Exercise material →
#####
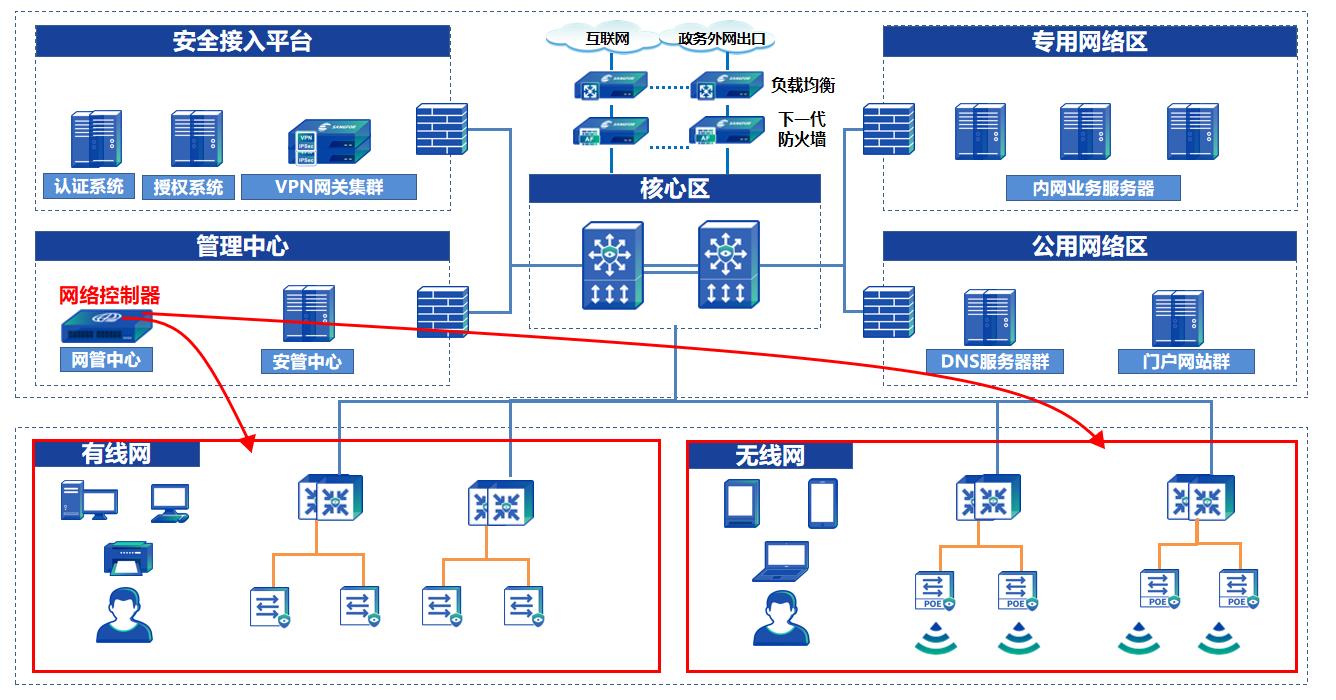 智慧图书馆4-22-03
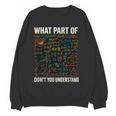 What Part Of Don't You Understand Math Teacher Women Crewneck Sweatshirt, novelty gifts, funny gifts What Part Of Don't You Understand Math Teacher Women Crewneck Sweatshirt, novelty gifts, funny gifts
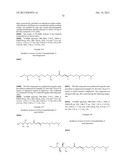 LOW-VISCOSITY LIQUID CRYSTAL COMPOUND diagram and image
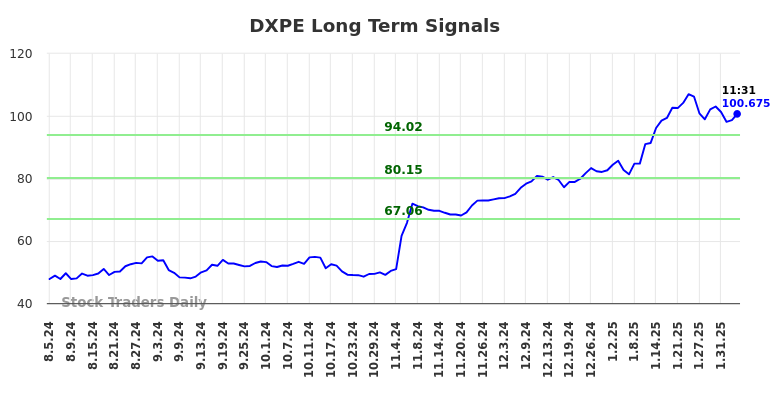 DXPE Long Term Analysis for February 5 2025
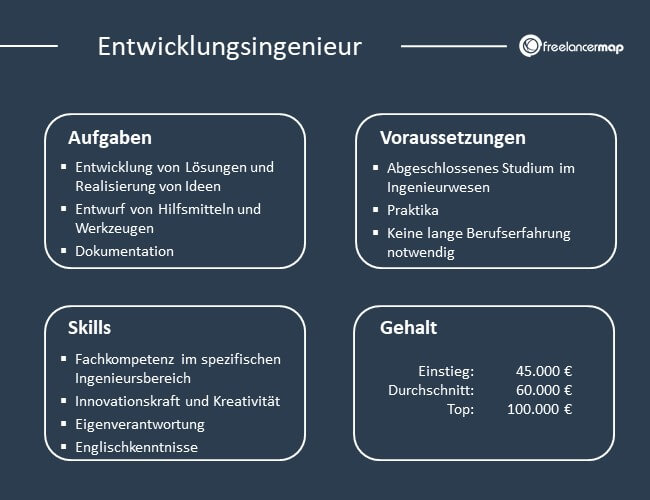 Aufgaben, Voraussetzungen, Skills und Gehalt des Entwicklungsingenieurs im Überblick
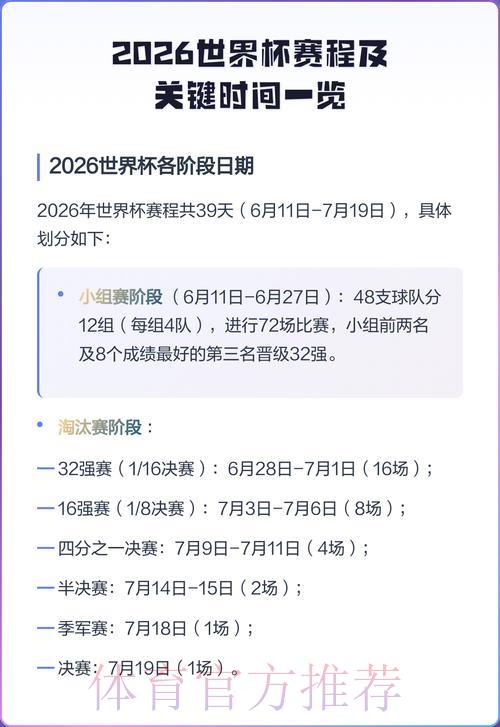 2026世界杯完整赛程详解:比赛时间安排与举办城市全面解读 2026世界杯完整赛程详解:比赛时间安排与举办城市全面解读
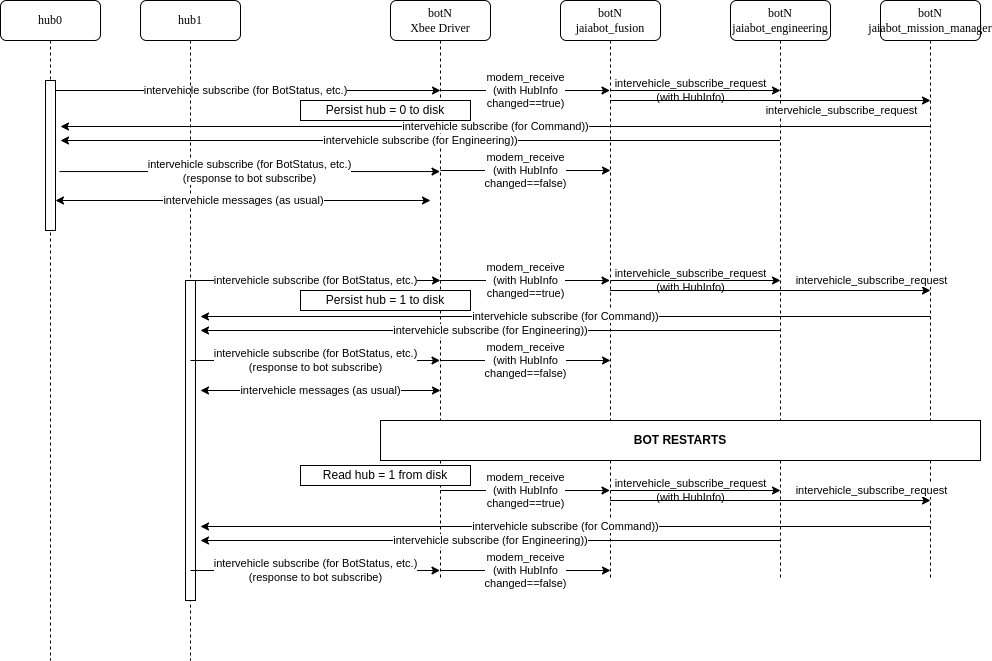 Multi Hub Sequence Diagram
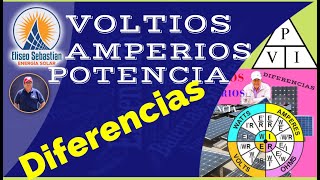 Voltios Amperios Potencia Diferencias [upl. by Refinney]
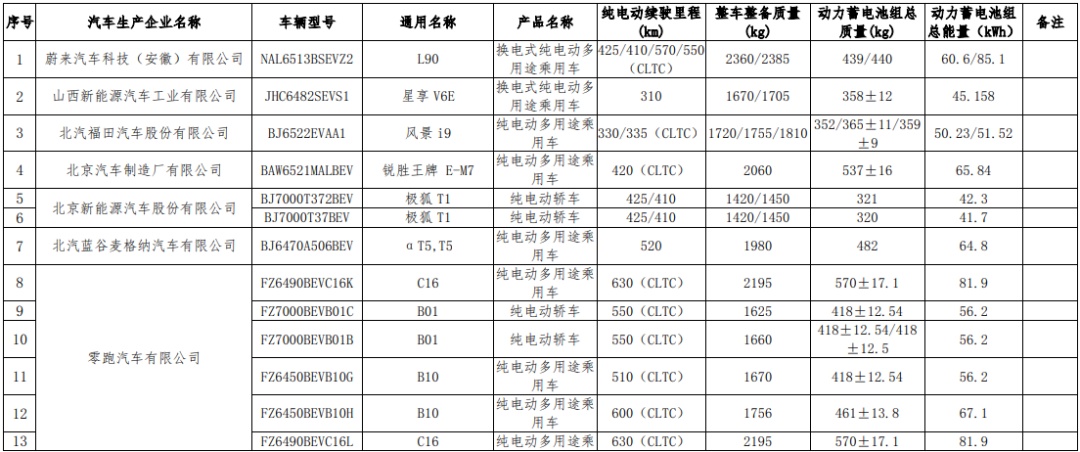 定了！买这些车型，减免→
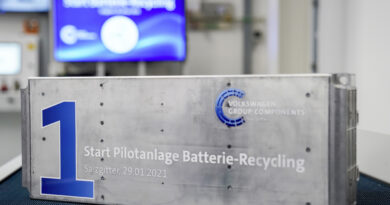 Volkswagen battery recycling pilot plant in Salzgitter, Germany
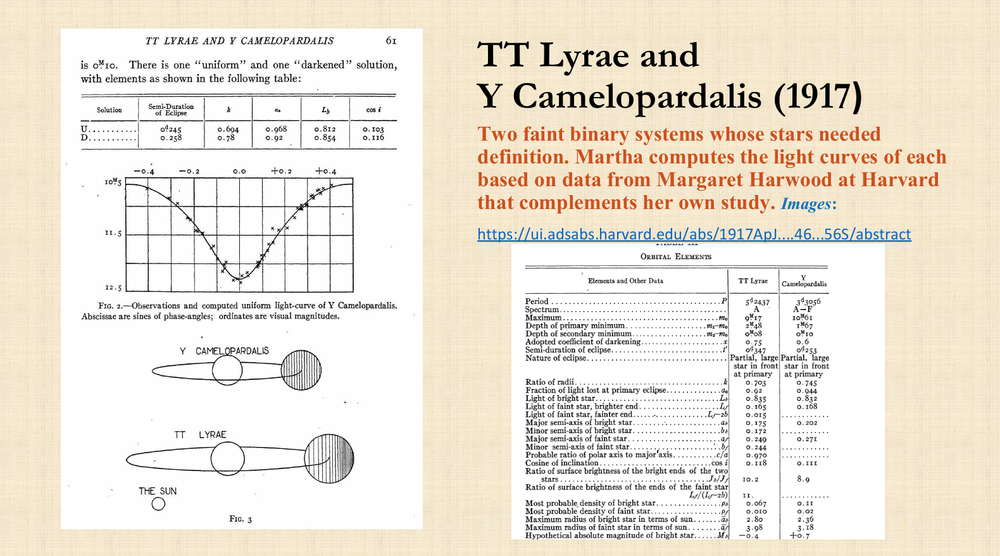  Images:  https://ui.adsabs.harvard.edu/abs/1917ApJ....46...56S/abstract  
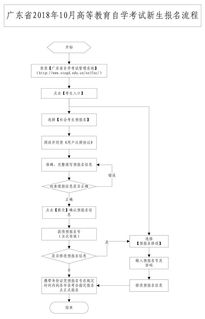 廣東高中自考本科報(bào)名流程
#####
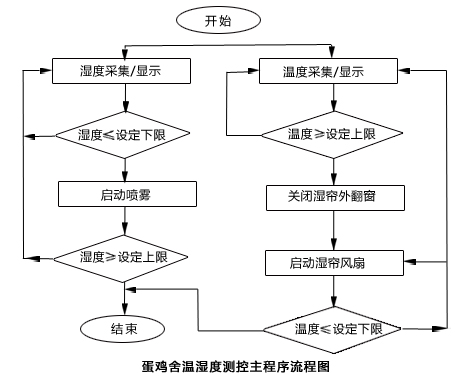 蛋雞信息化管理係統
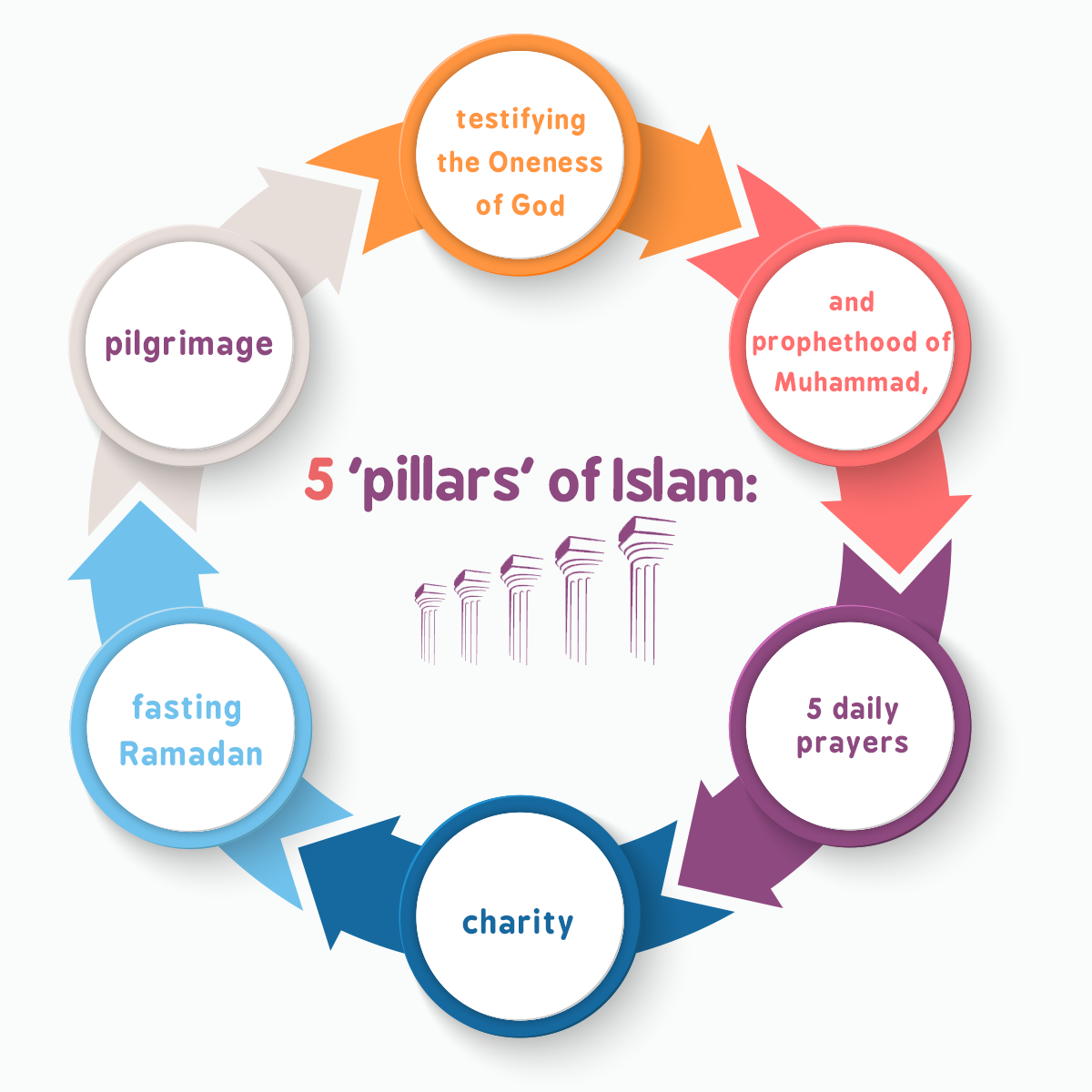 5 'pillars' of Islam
#####
What this task involves → Reproduce the listing above from the line that holds "智慧图书馆4-22-03" through the line that holds "廣東高中自考本科報(bào)名流程", both included, with the pictures left out.

Answer box →
 智慧图书馆4-22-03
 What Part Of Don't You Understand Math Teacher Women Crewneck Sweatshirt, novelty gifts, funny gifts What Part Of Don't You Understand Math Teacher Women Crewneck Sweatshirt, novelty gifts, funny gifts
 LOW-VISCOSITY LIQUID CRYSTAL COMPOUND diagram and image
 DXPE Long Term Analysis for February 5 2025
 Aufgaben, Voraussetzungen, Skills und Gehalt des Entwicklungsingenieurs im Überblick
 2026世界杯完整赛程详解:比赛时间安排与举办城市全面解读 2026世界杯完整赛程详解:比赛时间安排与举办城市全面解读
 Multi Hub Sequence Diagram
 Voltios Amperios Potencia Diferencias [upl. by Refinney]
 定了！买这些车型，减免→
 Volkswagen battery recycling pilot plant in Salzgitter, Germany
  Images:  https://ui.adsabs.harvard.edu/abs/1917ApJ....46...56S/abstract  
 廣東高中自考本科報(bào)名流程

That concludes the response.